Goehr: When Adam Fell

 

Our rating

5

Published: May 22, 2013 at 8:24 am

COMPOSERS: Alexander Goehr
LABELS: Naxos
ALBUM TITLE: Goehr: When Adam Fell
WORKS: When Adam Fell; Pastorals; Marching to Carcassone
PERFORMER: Peter Serkin (piano); London Sinfonietta; BBC Symphony Orchestra/Oliver Knussen
CATALOGUE NO: 8.573052

Alexander Goehr has been called rather dauntingly ‘the intellectual consicence of British new music’, an accolade belied by his colourful and often playful music. When Adam Fell (2011) is based on a chromatic bass line from Bach’s chorale-setting Durch Adam’s Fall, yet the result is not straight-forward neo-Baroque: indeed, the opening gestures – familiar in outline yet harmonically transferred into something rich and rather strange – sound as close to Tchaikovsky as to Bach. The following Pastorals (1965) is not a rural idyll, Goehr explains in the CD booklet, but a setting for violent events to do with Oedipus Rex: the result is not a brutal work à la Birtwistle, yet has elements of expressionism which suggest Bartók as well as Goehr’s beloved Schoenberg.
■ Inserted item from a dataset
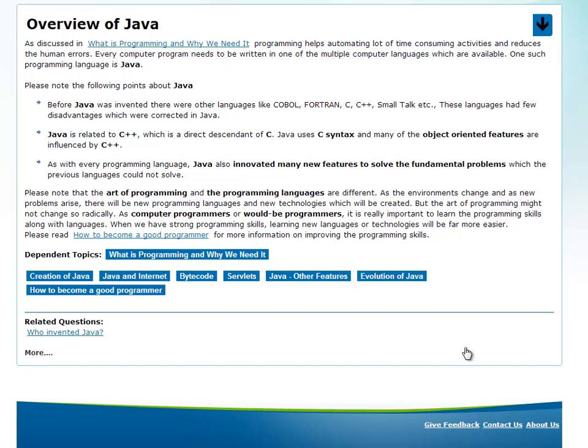Hi, my name is Shiva. In today's video, we will talk about what is programming and why we need it.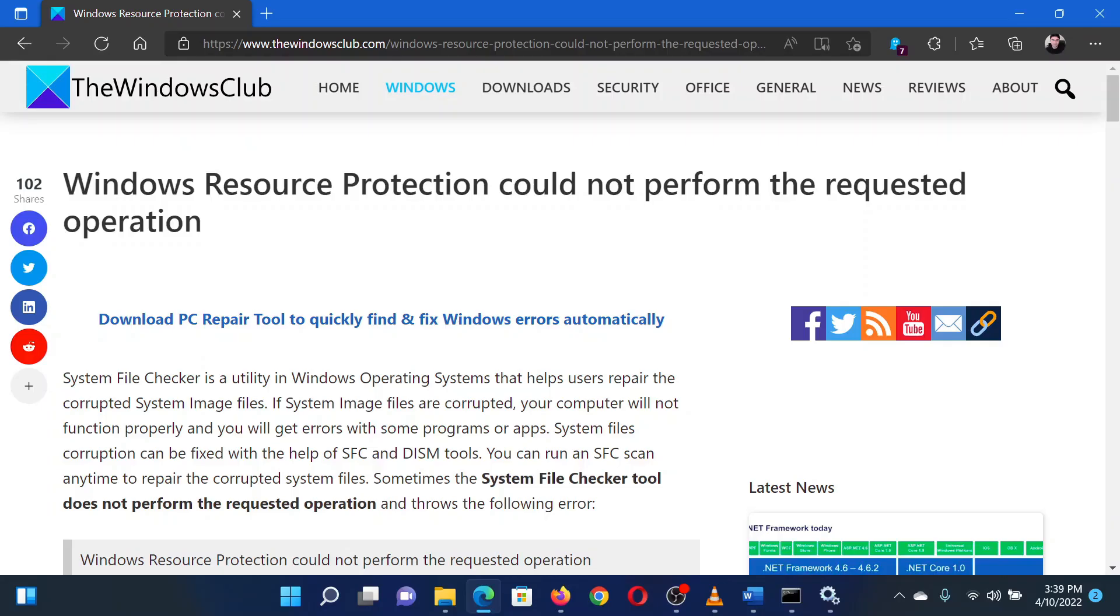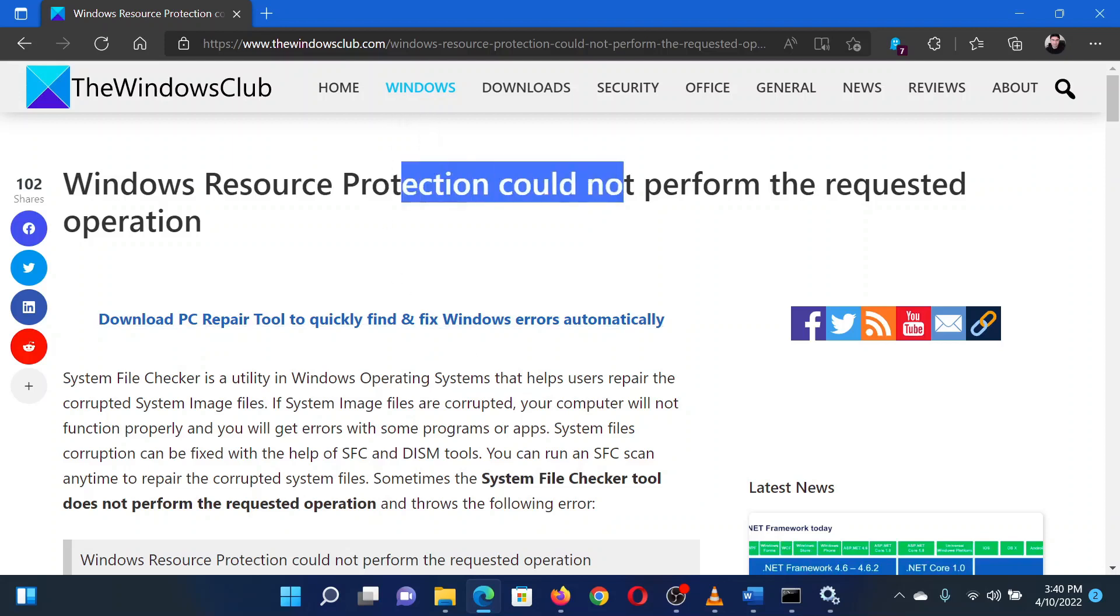This is Matthew from the Windows Club. If you encounter the error 'Windows resource protection could not perform the requested operation' on your Windows system, then either read through this article on the website or simply watch this video. I will guide you through the resolutions.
Marching to Carcassonne (2002) is a very Stravinskyan suite of nine pieces, including a recurring march which will never reach its destination since ‘at each appearance,’ Goehr says, ‘it is precisely half as long as it had been in its previous version’. Even this neo-Baroque divertissement is haunted by Schoenberg, its wonderfully eerie ‘Night’ movement being consciously modelled on the similarly-titled song from Pierrot Lunaire.

Goehr’s abrupt and sometimes fragmentary style sometimes takes a few listens to grasp, but its lean textures and evocative instrumental colours are ideal for Oliver Knussen’s meticulous ear for detail and delight in sonority. Himself the dedicatee of When Adam Fell, Knussen brings out the music’s sparkle and lively character.